*** PROVIDED RECORDS ***

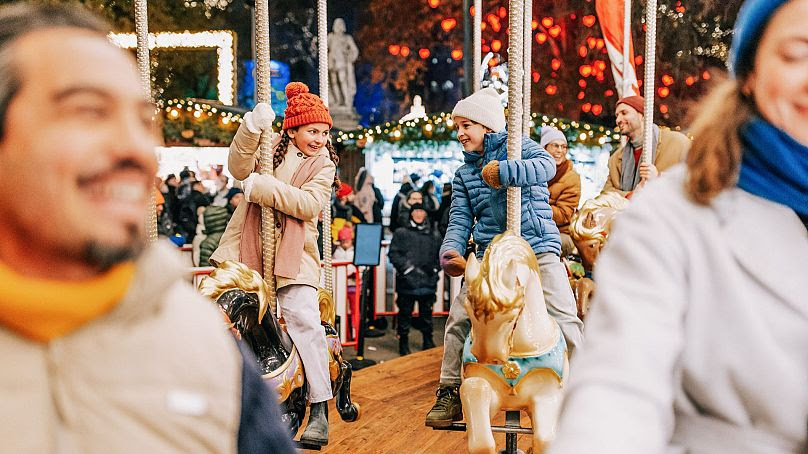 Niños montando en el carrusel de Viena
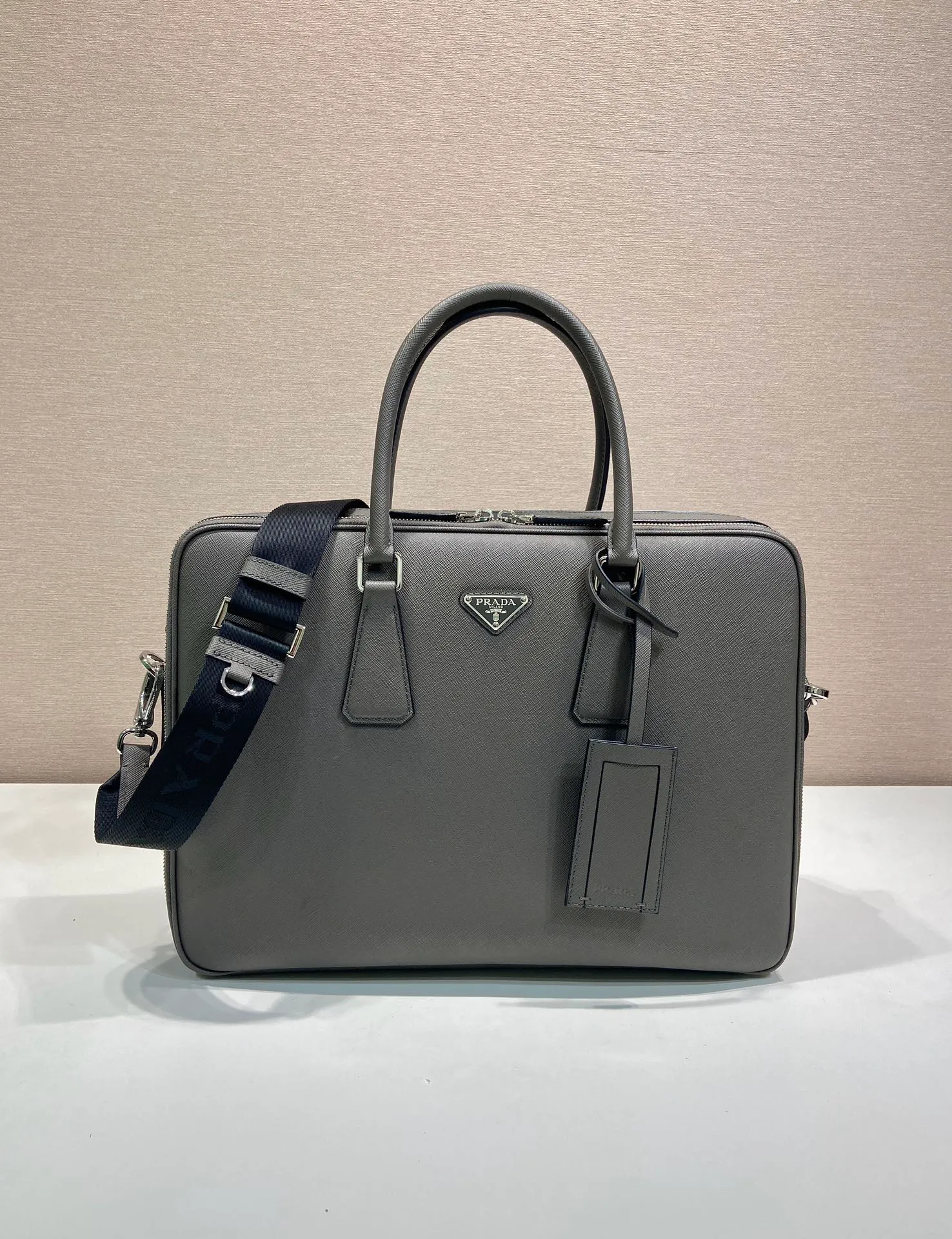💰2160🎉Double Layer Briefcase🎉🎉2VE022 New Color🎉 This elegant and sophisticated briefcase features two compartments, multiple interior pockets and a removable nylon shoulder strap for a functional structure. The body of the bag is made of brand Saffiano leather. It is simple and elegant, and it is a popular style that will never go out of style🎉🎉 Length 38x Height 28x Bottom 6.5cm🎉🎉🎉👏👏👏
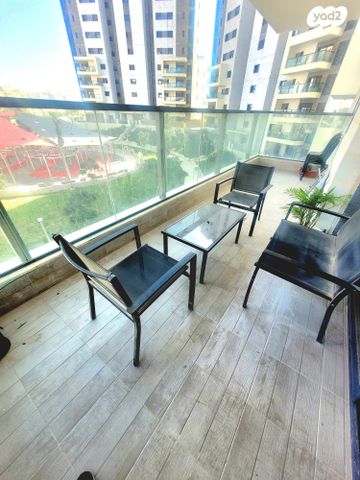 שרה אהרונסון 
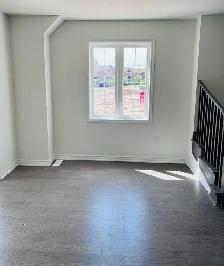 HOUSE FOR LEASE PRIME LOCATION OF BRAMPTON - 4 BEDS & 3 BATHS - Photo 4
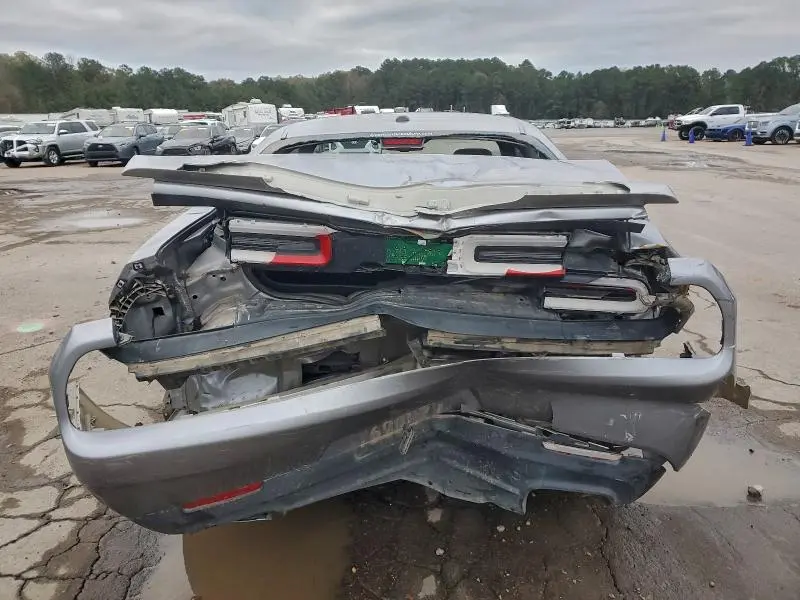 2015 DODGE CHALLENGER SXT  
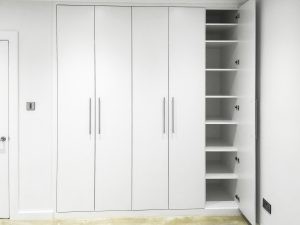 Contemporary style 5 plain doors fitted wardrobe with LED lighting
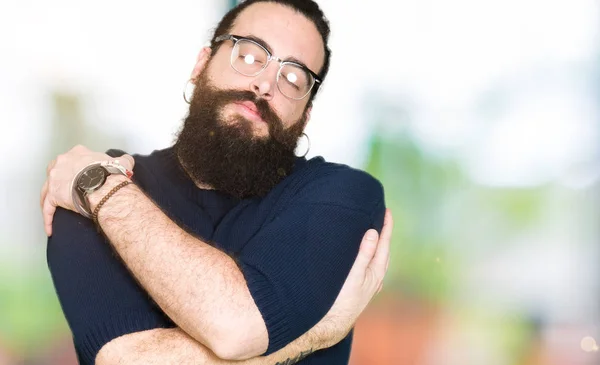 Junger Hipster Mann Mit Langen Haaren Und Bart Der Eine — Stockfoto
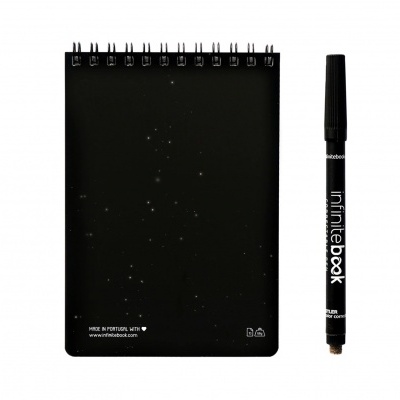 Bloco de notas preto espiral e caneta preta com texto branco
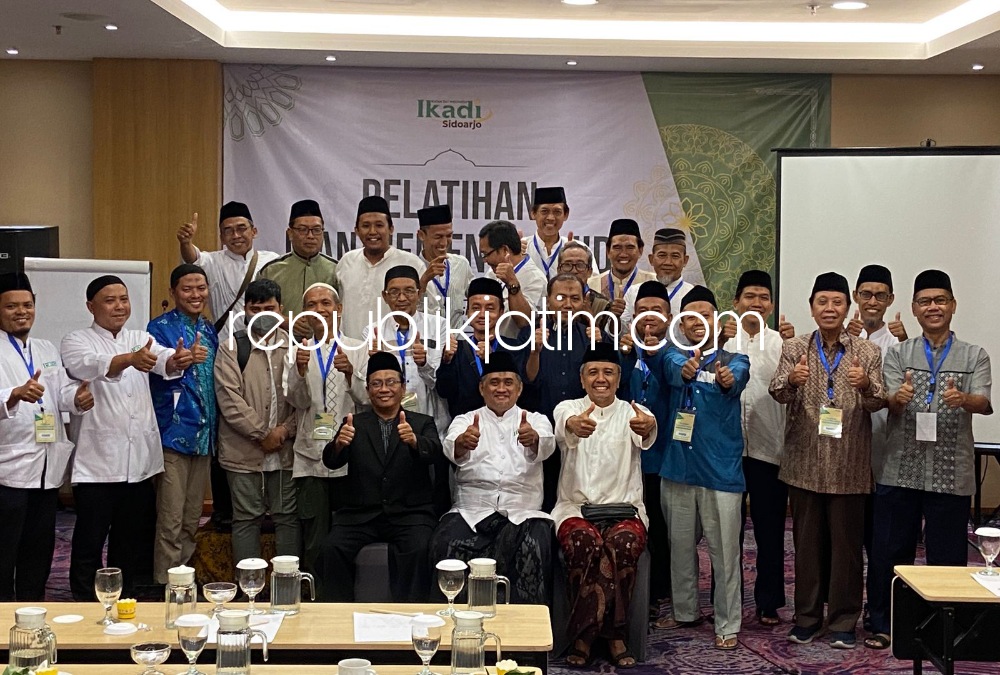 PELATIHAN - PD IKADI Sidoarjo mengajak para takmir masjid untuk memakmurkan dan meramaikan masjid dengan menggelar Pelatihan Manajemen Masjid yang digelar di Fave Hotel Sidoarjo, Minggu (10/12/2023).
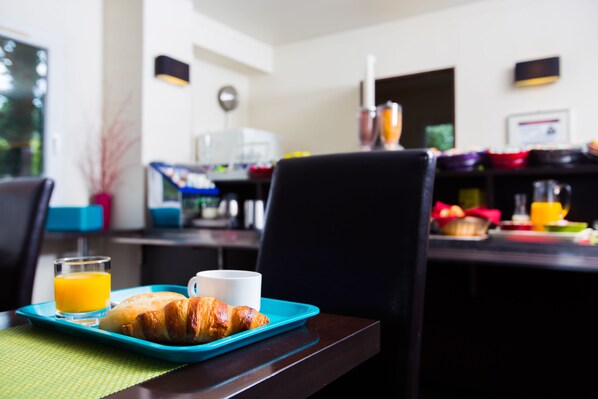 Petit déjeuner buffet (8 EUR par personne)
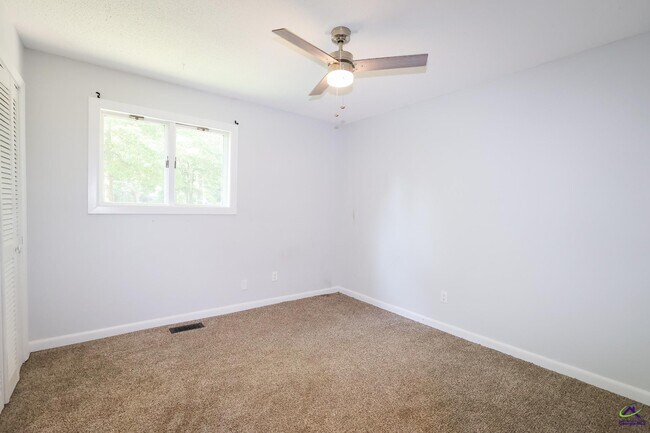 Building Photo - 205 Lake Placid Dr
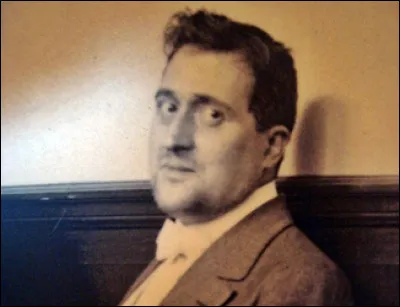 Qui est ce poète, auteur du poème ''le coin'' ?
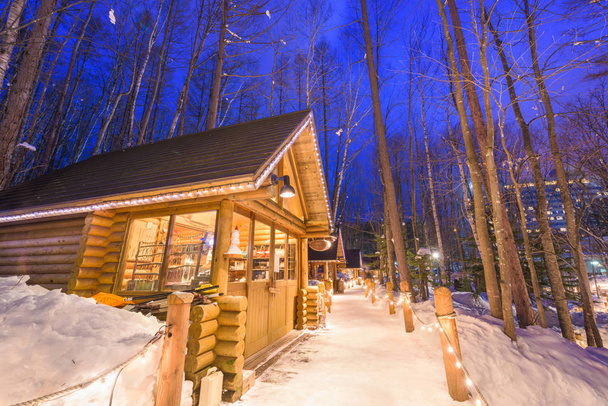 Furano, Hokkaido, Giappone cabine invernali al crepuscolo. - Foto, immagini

*** End of PROVIDED RECORDS ***

Your reply should restate the data above word for word and contain no pictures.

[YOUR SOLUTION]
 Niños montando en el carrusel de Viena
💰2160🎉Double Layer Briefcase🎉🎉2VE022 New Color🎉 This elegant and sophisticated briefcase features two compartments, multiple interior pockets and a removable nylon shoulder strap for a functional structure. The body of the bag is made of brand Saffiano leather. It is simple and elegant, and it is a popular style that will never go out of style🎉🎉 Length 38x Height 28x Bottom 6.5cm🎉🎉🎉👏👏👏
 שרה אהרונסון 
 HOUSE FOR LEASE PRIME LOCATION OF BRAMPTON - 4 BEDS & 3 BATHS - Photo 4
 2015 DODGE CHALLENGER SXT  
 Contemporary style 5 plain doors fitted wardrobe with LED lighting
 Junger Hipster Mann Mit Langen Haaren Und Bart Der Eine — Stockfoto
 Bloco de notas preto espiral e caneta preta com texto branco
 PELATIHAN - PD IKADI Sidoarjo mengajak para takmir masjid untuk memakmurkan dan meramaikan masjid dengan menggelar Pelatihan Manajemen Masjid yang digelar di Fave Hotel Sidoarjo, Minggu (10/12/2023).
 Petit déjeuner buffet (8 EUR par personne)
 Building Photo - 205 Lake Placid Dr
 Qui est ce poète, auteur du poème ''le coin'' ?
 Furano, Hokkaido, Giappone cabine invernali al crepuscolo. - Foto, immagini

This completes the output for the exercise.